Proposition V.2. The following statements are equivalent:
$\bar{u}$ is a solution of ${\cal P}$, $\bar{p}^{*}$ is a solution of ${\cal P}^{*}$, and $\inf\ {\cal P}=\sup\ {\cal P}^{*}$.
$J(\bar{u},A\bar{u})+J^{*}(A^{*}\bar{p}^{*},-\bar{p}^{*})=0$.
$(A^{*}\bar{p}^{*},-\bar{p})\in\partial J(\bar{u},A\bar{u})$.

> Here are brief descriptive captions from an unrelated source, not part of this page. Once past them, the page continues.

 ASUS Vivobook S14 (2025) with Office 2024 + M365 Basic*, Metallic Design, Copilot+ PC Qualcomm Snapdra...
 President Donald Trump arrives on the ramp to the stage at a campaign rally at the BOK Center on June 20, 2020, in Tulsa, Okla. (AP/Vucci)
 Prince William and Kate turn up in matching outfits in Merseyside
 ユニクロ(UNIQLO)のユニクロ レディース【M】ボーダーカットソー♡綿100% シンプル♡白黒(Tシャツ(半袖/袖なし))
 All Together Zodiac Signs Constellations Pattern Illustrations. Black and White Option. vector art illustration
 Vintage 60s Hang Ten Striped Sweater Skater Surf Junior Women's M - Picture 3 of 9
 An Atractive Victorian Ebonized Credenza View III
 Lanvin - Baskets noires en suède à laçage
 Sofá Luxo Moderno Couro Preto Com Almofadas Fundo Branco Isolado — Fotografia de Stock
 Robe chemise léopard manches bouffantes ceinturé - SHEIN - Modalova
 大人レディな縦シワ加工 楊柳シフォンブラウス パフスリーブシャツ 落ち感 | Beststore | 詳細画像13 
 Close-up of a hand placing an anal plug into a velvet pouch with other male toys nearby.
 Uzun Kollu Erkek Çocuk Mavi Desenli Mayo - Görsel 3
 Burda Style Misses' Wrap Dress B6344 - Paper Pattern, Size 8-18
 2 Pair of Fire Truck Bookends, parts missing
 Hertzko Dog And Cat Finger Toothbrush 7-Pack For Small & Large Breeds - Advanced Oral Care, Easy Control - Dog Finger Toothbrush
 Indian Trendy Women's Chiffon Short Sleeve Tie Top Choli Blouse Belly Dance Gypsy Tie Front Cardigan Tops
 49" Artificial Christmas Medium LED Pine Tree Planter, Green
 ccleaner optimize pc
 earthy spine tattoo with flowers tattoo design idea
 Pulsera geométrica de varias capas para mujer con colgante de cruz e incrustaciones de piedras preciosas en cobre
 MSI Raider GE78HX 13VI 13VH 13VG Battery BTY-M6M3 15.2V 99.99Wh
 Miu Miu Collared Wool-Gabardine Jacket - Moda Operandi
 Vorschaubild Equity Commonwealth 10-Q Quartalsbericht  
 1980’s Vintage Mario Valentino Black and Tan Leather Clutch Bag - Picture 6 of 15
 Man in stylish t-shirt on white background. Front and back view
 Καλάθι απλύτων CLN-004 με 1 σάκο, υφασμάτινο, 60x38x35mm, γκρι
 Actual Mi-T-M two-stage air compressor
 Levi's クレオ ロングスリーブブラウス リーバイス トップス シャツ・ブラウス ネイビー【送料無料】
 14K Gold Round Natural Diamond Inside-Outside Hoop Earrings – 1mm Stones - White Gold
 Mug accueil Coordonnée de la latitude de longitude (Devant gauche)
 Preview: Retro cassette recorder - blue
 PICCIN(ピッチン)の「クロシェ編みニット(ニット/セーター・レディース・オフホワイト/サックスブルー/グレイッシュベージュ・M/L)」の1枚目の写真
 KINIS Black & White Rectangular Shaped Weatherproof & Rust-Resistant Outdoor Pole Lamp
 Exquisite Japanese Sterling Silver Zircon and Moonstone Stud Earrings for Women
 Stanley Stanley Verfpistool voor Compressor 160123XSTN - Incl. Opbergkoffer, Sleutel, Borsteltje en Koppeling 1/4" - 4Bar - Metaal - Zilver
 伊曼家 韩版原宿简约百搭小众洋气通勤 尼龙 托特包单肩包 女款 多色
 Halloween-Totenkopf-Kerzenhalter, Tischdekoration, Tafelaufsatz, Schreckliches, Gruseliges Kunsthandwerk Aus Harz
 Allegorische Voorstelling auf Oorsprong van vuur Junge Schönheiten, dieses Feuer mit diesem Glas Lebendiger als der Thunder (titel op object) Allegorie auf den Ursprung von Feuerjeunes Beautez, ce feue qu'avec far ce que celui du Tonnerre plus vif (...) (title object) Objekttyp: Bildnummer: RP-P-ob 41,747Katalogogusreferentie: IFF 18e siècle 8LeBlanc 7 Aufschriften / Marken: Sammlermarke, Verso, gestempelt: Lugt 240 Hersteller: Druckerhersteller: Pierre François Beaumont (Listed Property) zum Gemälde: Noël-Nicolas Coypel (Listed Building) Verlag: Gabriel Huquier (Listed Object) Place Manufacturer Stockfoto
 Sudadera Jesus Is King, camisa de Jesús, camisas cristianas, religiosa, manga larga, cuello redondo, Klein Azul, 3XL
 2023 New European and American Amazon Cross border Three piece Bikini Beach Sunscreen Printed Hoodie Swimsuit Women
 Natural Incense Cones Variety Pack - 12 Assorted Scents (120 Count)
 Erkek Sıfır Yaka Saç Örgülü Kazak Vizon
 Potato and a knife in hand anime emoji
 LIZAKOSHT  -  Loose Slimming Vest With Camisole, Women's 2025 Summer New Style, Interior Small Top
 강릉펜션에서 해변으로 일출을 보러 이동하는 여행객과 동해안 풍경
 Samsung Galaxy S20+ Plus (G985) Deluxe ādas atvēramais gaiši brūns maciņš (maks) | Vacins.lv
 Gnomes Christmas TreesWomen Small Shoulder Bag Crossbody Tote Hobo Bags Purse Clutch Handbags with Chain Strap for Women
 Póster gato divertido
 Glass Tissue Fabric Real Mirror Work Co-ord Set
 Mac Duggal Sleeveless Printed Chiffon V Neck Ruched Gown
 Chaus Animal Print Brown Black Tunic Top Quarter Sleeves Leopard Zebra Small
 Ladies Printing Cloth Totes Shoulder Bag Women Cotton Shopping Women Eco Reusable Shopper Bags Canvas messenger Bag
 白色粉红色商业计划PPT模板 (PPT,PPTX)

Decoupled Conjugate Functions
Let us further specialize $J$ as \(J(u,Au)=G(u)+H(Au).\) It is easy to verify that
\[\begin{aligned} J^{*}(u^{*},p^{*}) & =G^{*}(u^{*})+H^{*}(p^{*}),\\ {\cal P}^{*} & \equiv\sup_{p^{*}\in Y^{*}}\left\{ -G^{*}(A^{*}p^{*})-H^{*}(-p^{*})\right\} .\end{aligned}\]Furthermore, if $G$ and $H$ are convex (resp. convex and proper lower semicontinuous) then $J$ is convex (resp. convex and proper lower semicontinuous).
Remark V.3. The extremality conditions for strong duality of ${\cal P}$ can be simplified to
\[\begin{aligned} G(\bar{u})+G^{*}(A^{*}\bar{p}^{*})-\left\langle A^{*}\bar{p}^{*},\bar{u}\right\rangle & =0,\\ H(A\bar{u})+H^{*}(-\bar{p}^{*})+\left\langle \bar{p}^{*},A\bar{u}\right\rangle & =0,\end{aligned}\]or equivalently,
\[\begin{aligned} A^{*}\bar{p}^{*} & \in\partial G(\bar{u}),\\ -\bar{p}^{*} & \in\partial H(A\bar{u}).\end{aligned}\]Remark V.4. When $Y=\prod_{i=1}^{m}Y_{i}$ and $Y^{*}=\prod_{i=1}^{m}Y_{i}^{*}$ then the extremality conditions for $H$ can be further decoupled into
\[H_{i}(A_{i}\bar{u})+H_{i}^{*}(-\bar{p}_{i}^{*})+\left\langle \bar{p}_{i}^{*},A_{i}\bar{u}\right\rangle =0,\]and
\[-\bar{p}_{i}^{*}\in\partial H_{i}(A_{i}\bar{u})\]for $i=1,\ldots,m$.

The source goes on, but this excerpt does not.